▶ Task instructions: Write each line below back out exactly, omitting its pictures.

▶ Supplied records:

▽

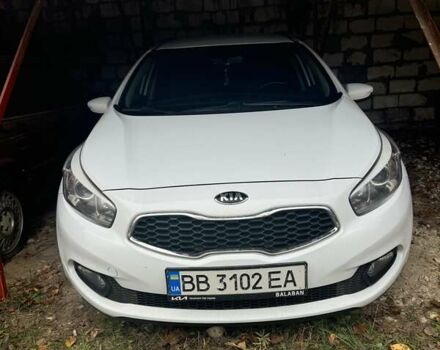Белый Киа Сид, объемом двигателя 1.6 л и пробегом 140 тыс. км за 10500 $, фото 1 на Automoto.ua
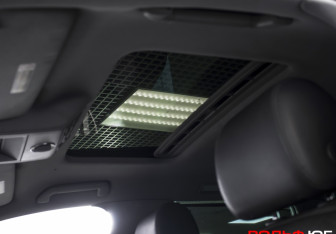 Подержанный автомобиль Volkswagen Touareg 2004 года (12 фото)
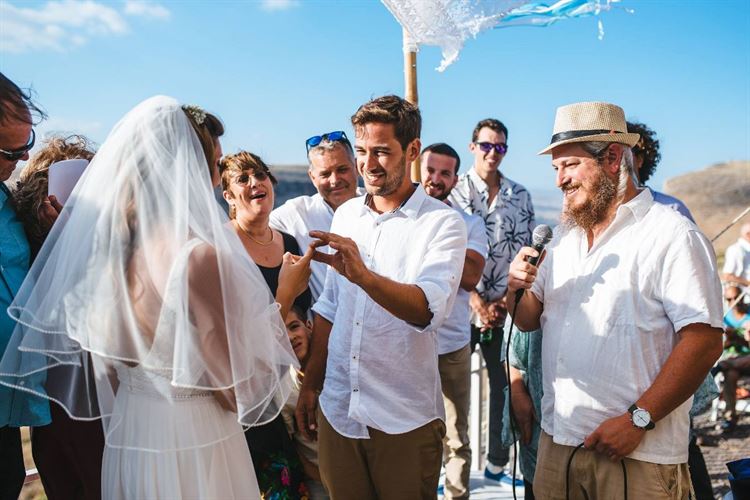 פסטיבל של אהבה: חתונת השטח הכי צבעונית שתכירו 33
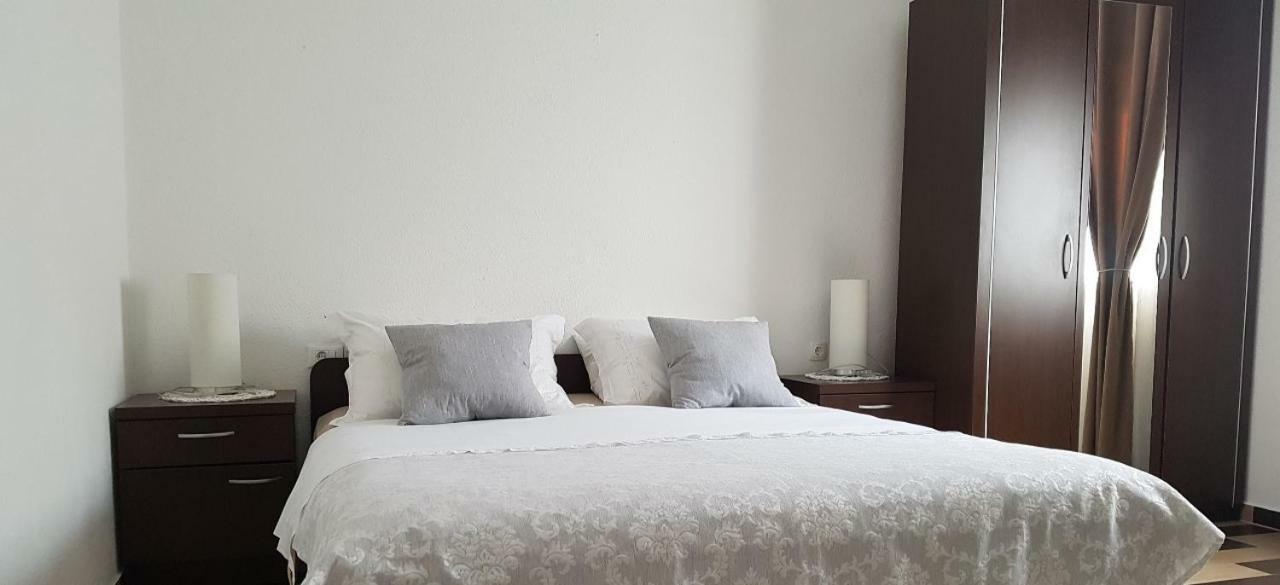 Apartment Iva Njivice Ngoại thất bức ảnh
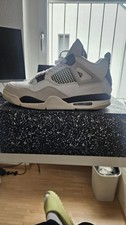Nike Air Jordan 4 Retro
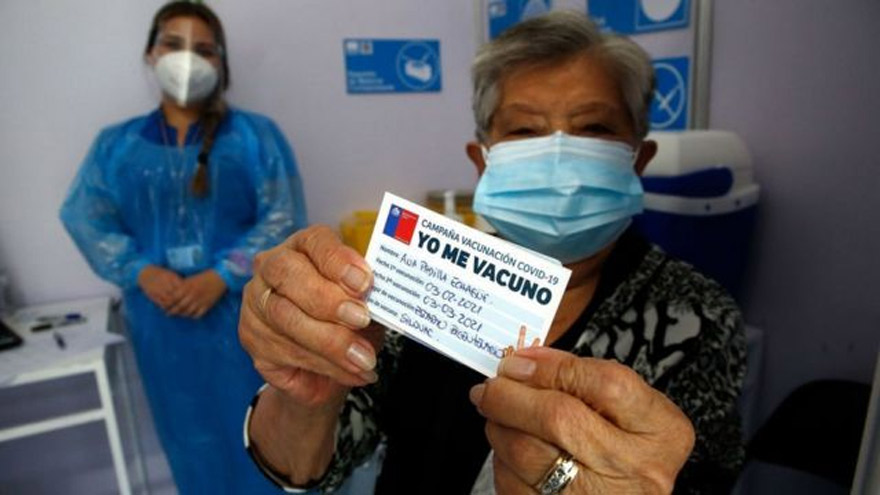 Chile ya vacunó a más de 5 millones de personas, pero no pudo frenar un rebrote de contagios.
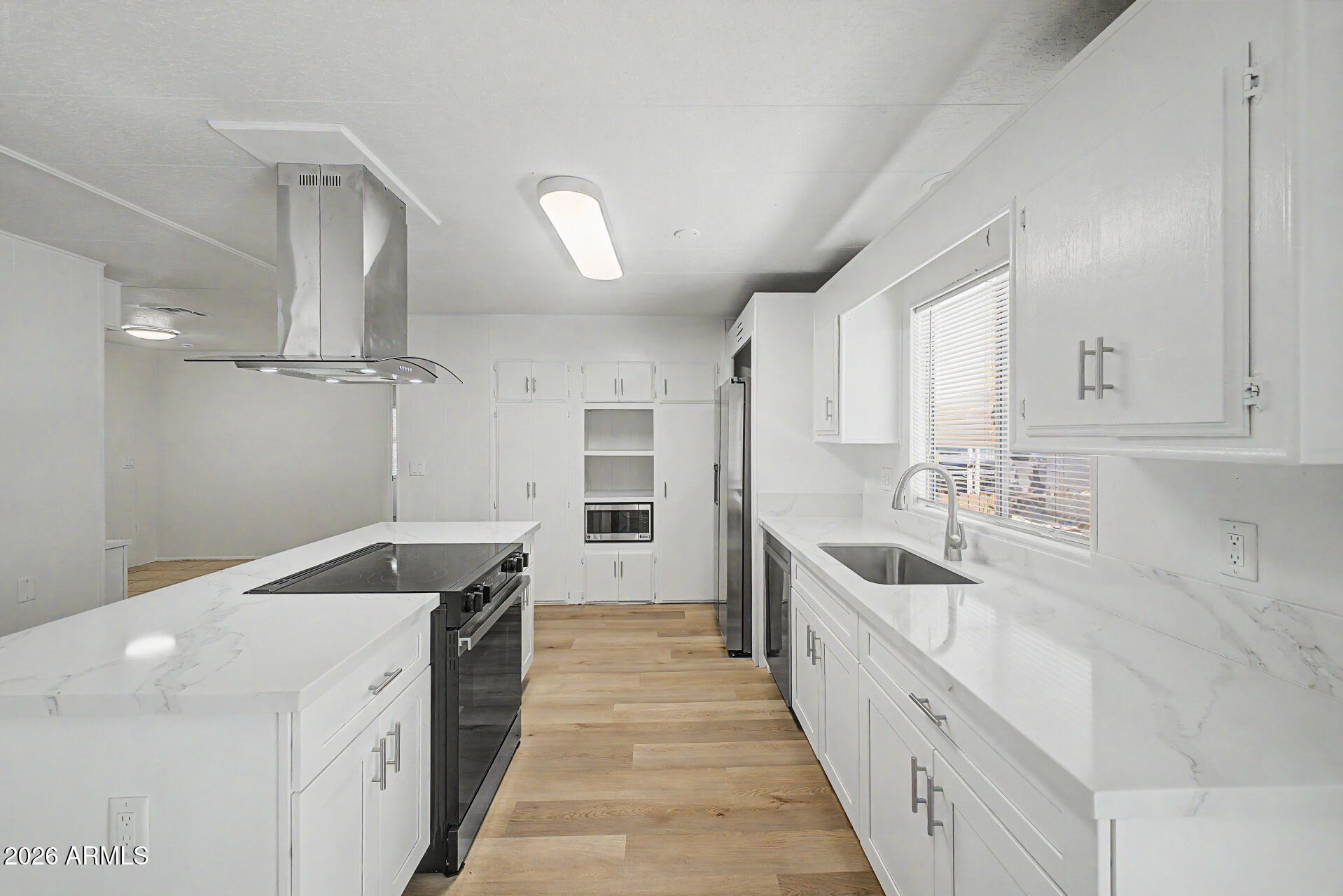 6602 W MISSION Lane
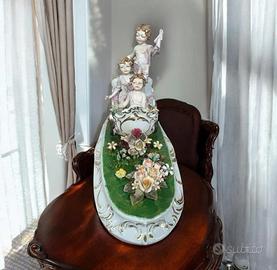 Scultura vintage in porcellana di Capodimonte.
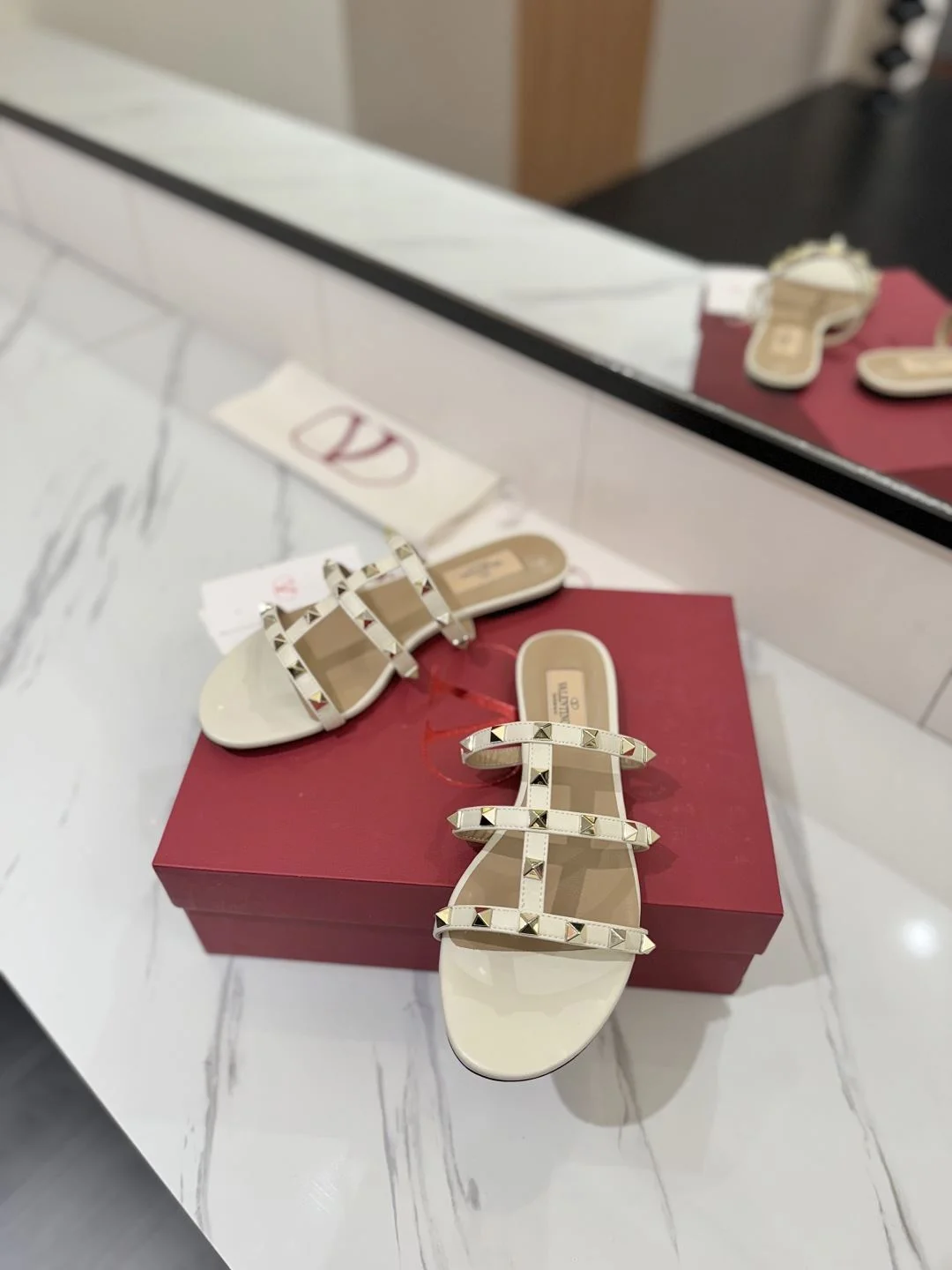 Valentino Slippers Bold 35878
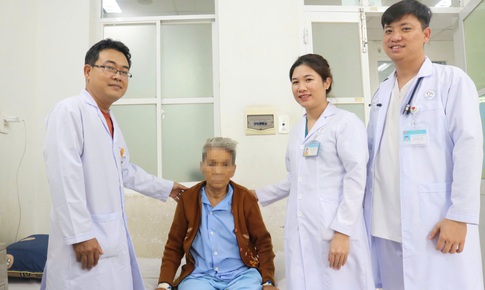 Cứu sống cụ b&#224; vừa vỡ ruột thừa vừa rối loạn nhịp tim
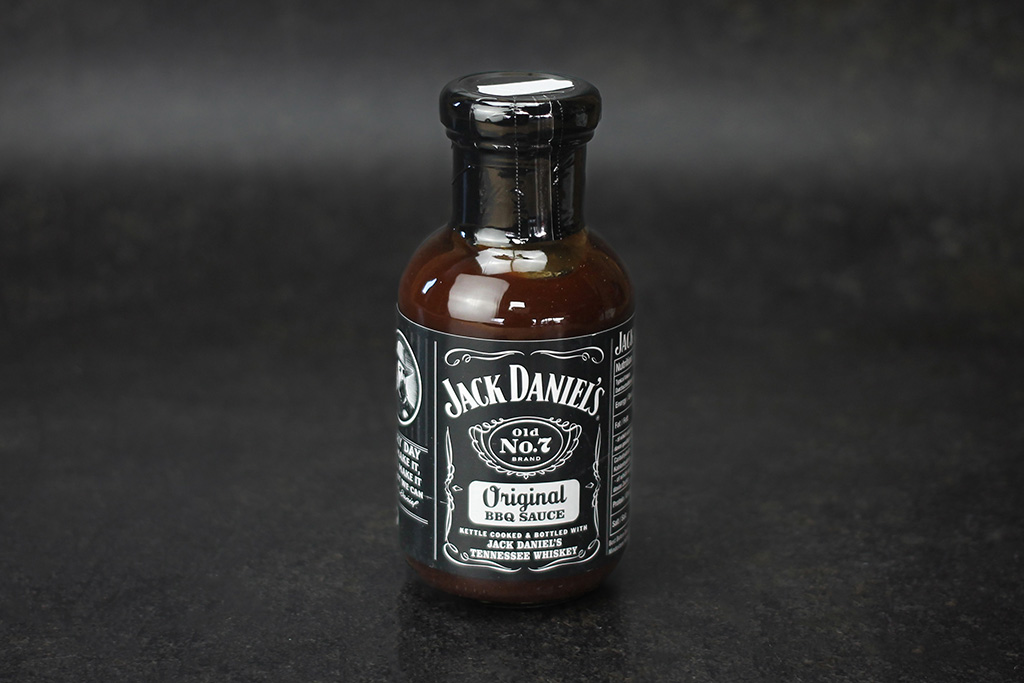 Flasche mit BBQ-Sauce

△

▶ Task response:
Белый Киа Сид, объемом двигателя 1.6 л и пробегом 140 тыс. км за 10500 $, фото 1 на Automoto.ua
 Подержанный автомобиль Volkswagen Touareg 2004 года (12 фото)
 פסטיבל של אהבה: חתונת השטח הכי צבעונית שתכירו 33
 Apartment Iva Njivice Ngoại thất bức ảnh
Nike Air Jordan 4 Retro
 Chile ya vacunó a más de 5 millones de personas, pero no pudo frenar un rebrote de contagios.
 6602 W MISSION Lane
 Scultura vintage in porcellana di Capodimonte.
 Valentino Slippers Bold 35878
 Cứu sống cụ b&#224; vừa vỡ ruột thừa vừa rối loạn nhịp tim
 Flasche mit BBQ-Sauce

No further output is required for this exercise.